Na altura o Evidências já destacava que em três anos de operação, a principal holding da RPF, sigla inglesa do partido Frente Patriótica de Ruanda, a Crystal Ventures, através da Macefield Ventures, seu braço internacional, passou a controlar as principais linhas de negócio em Palma, ao assumir, através de sucursais e participadas, os principais negócios dentro e fora de Afungi. São empresas que entraram na construção civil, na segurança e com interesses na exploração de minerais.
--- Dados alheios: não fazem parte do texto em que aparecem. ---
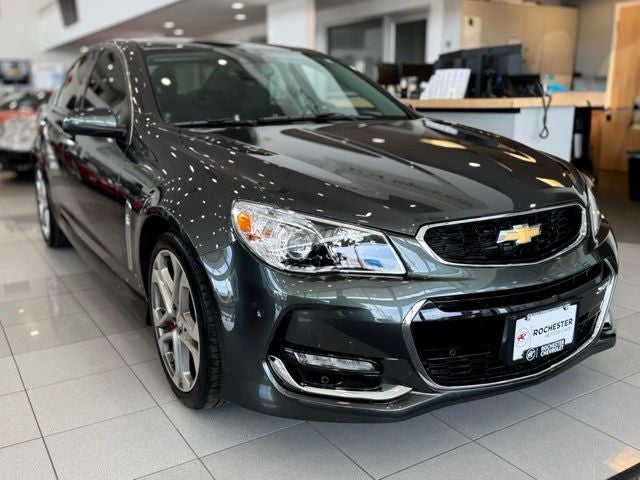 2017 Chevrolet SS Base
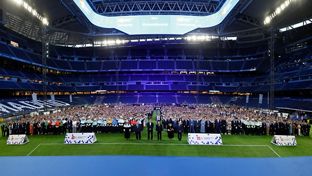 Florentino Pérez: “El Real Madrid es un sentimiento y una actitud ante la vida, fundamentalmente para hacer frente a los problemas y a las adversidades”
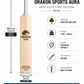 DRAKON AURA Apex Elite First Edition Grade 1 English Willow Cricket Bat – Limited Edition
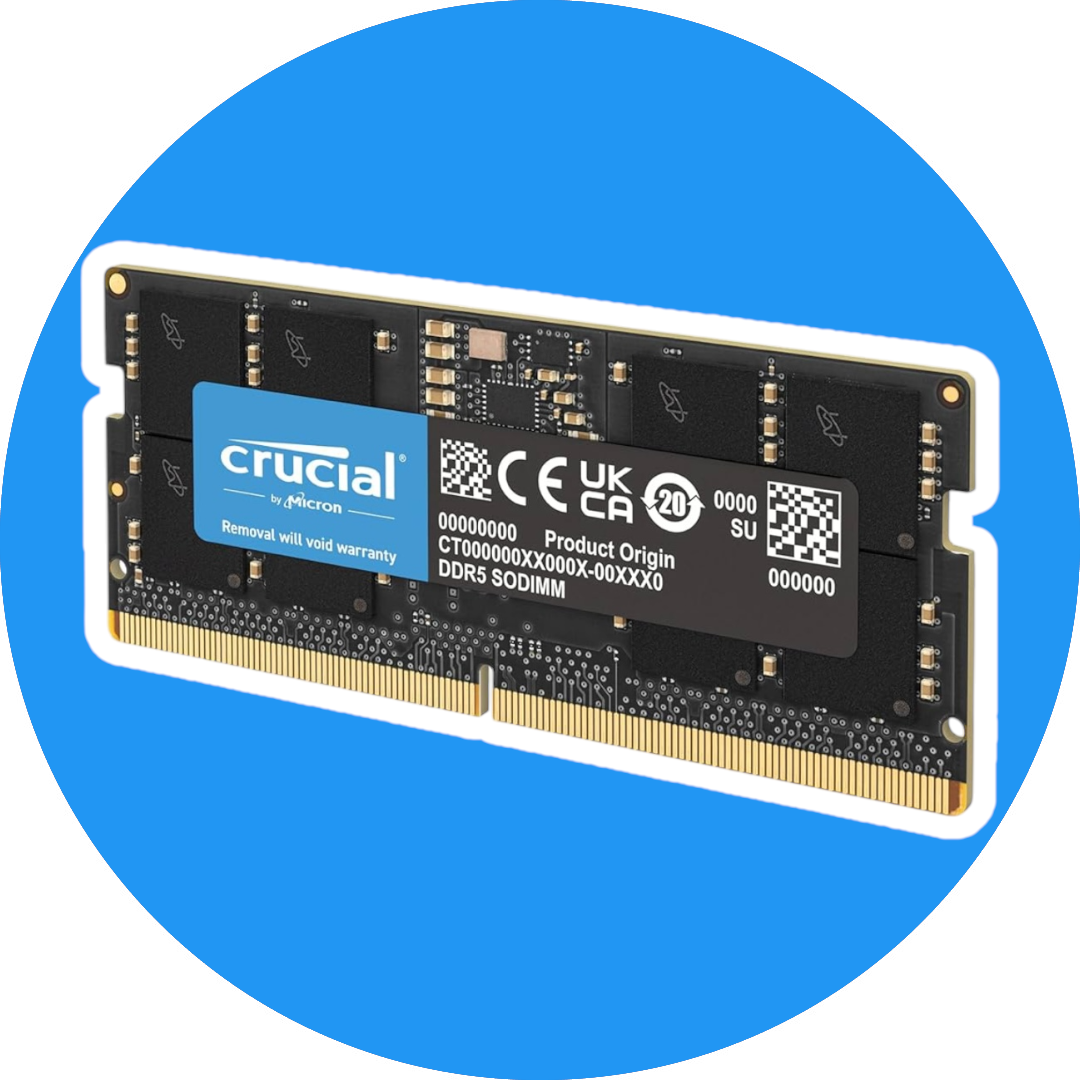 8GB Crucial RAM 8GB DDR5 5600MHz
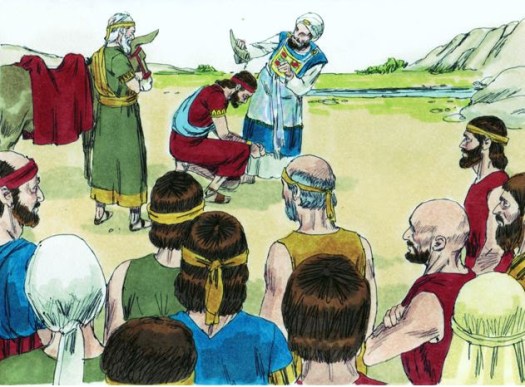 6. Solomon anointed after King David #Biblefun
O Evidências confirmou que pelo menos quatro empresas deste grupo controlado pelo partido liderado por Paul Kagame estão a facturar milhões em contratos e subcontratos, em meio ao alarido do sector privado moçambicano, que depois de se sentir excluído no processo anterior aguarda agora pela retoma da TotalEnergies para correr atrás de oportunidade. Coincidentemente, as empresas de Kigali conseguiram negócios no mesmo perímetro cuja segurança é garantida pela força ruandesa. Ainda não está claro se essa conquista ruandesa é produto das relações entre os dois países ou de acordos secretos entre os presidentes de Moçambique e Ruanda, numa amizade apadrinhada pela França, através da TotalEnergies.
A exploração de gás em Afungi é apontada como um dos principais motores desta aliança, com o conglomerado empresarial ruandês a ocupar espaço crescente nas oportunidades de negócio criadas pelo conflito.
Mais do que um simples problema de gestão militar, o afastamento de centenas de soldados nacionais lança sérias dúvidas sobre a transparência e os reais interesses por detrás da estratégia adotada. Para muitos observadores, a medida expõe fragilidades na política de defesa e levanta questões sobre soberania, governança e responsabilidade perante os cidadãos.
Enquanto isso, em Cabo Delgado, as populações continuam a viver sob ameaça constante, sem clareza sobre quem, de facto, está comprometido com a sua segurança.